Mr. Bigelow to Mr. Seward

No. 265.]

Sir: A meeting was held in this city on the last Wednesday evening in January for the relief of the freedmen of the. United States. Mr. Laboulaye, the president of the French Emancipation Society, presided, and spoke. Speeches were also made by the Prince de Broglie, and Messrs. Frank and Cochin, of the Institute; by Mr. Grandpierre and Dhombres, Protestant clergymen, and by [Page 278] Mr. Chamerovzow, an agent of the British Abolition Society. I have the honor to send you a copy of the Revue des Cours Letteraries, containing a full account of their speeches.

Though, for obvious reasons, I had no agency in promoting this appeal to the charities of France, I esteem it my duty to direct your attention to the response, so honorable to both countries, which it awakened.

I am, sir, with great respect, your very obedient servant,


Hon. William H. Seward, Secretary of State, Washington, D. C.


The second meeting for the abolition of slavery in the United States and Cuba took place in Paris in January, 1866.

Mr. Laboulaye, the president. The first meeting in favor of the enfranchised slaves of North America was held here on the 3d of November. We invited, without distinction of religion or politics, all friends of America and of liberty. The hall filled at once; more were excluded than could be admitted. A second meeting was called for. We seized eagerly the opportunity to be useful to the blacks without offence to the whites. We have an army of speakers, who will talk to you as long as you will listen. As for the ladies’ committee, which collects subscriptions, I have not spoken to them; but I think myself safe in saying that you will earlier weary of giving than they of receiving. It is for you to sustain the honor of France.

I am rejoiced at this fresh meeting—at all meetings which appeal to the conscience of the public. They teach men moderation and mutual respect, as results can only be safely secured by modifications of opinions, the results of which are the triumphs of what is true and real. That is my first point.

You know that the subscriptions are taken up by the women of France, tired of hearing what the women of England and America were doing. They have determined to mix up in public affairs. These ladies, not yet used to great public occasions, leave to me to tell you what has become of their money.

The amount of subscription since May 1, 1865, has been 57,000 francs, from which three remittances of money and clothing have been made.

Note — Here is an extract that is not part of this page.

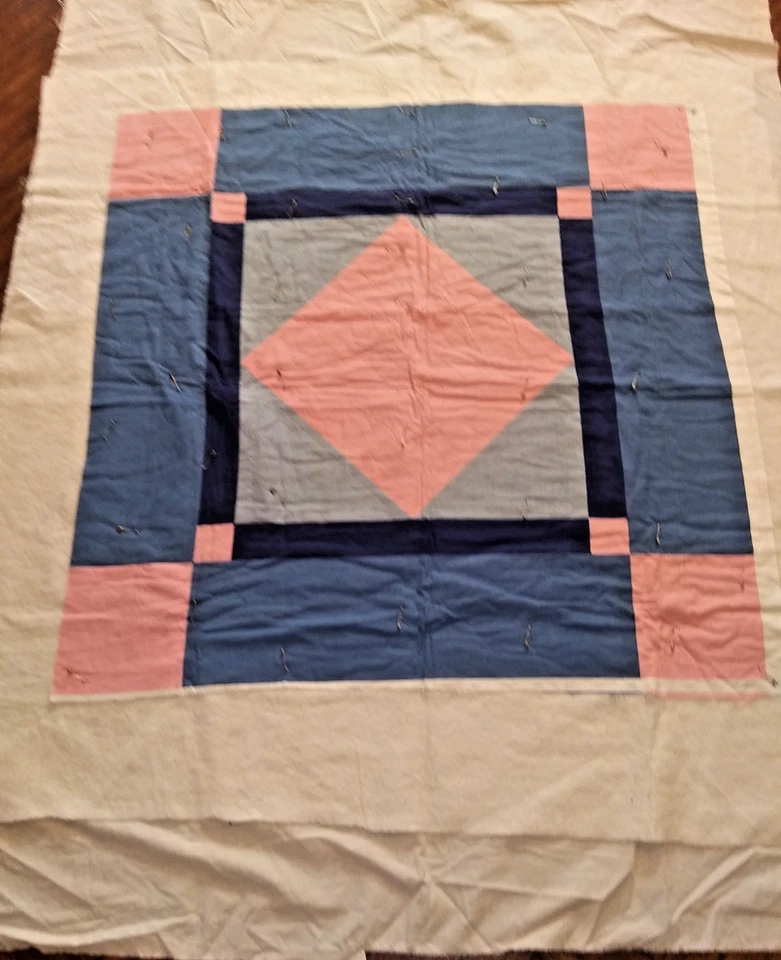 Quilt Unfinished Includes Top Batting Backing Designs to Quilt Embroider 38"x40 - Image 2 of 4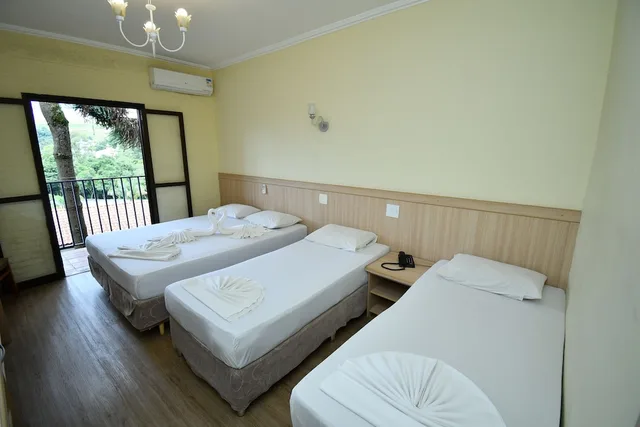 غرفة تنفيذية رباعية بسريرين مزدوجين بشرفة، Hotel Vilage Inn All Inclusive Pocos de Caldas By Nacional Inn 2/7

These remittances of clothing were admitted duty free in the United States, and the vessels carried them freight free. They were sent to New York, to the society established by General Sherman. To increase these contributions gentlemen may sacrifice some selfish luxury; ladies may reduce the amplification of their crinoline. This is my second point. I pass to the third. I read one letter from a masonic lodge. I have many others. All desire to co-operate with us. Solidarity is the phrase; and the influence of the day in discoveries, in physics, in morals, all the world vibrates to the same thought and feeling. The question of American freedom is not an American question; it is a question of the whole human race, and interests all civilization. Freedom cannot be exalted in one country without being exalted in all countries. This liberty, extended through America, is therefore of great interest to us.

Mr. Franck. We are assisting at the grandest spectacle which must fix the attention and rest in the memory of our generation. Four millions of slaves enfranchised by a single law, in a single day, at the end of a war of four years, sustained with indomitable energy, and for the perpetuity and indefinite extension of slavery: what event of our age is comparable to this? Four millions of rejected human beings at once restored to the paternal I home. Yes; these poor down-trodden negroes are human beings, formed in the image which we bear. They are such as we; they are our brothers.

The speaker then dwelt at some length on the means to be taken for the advancement of the negro race in the social relations by education, equal rights, and guarantees, &c.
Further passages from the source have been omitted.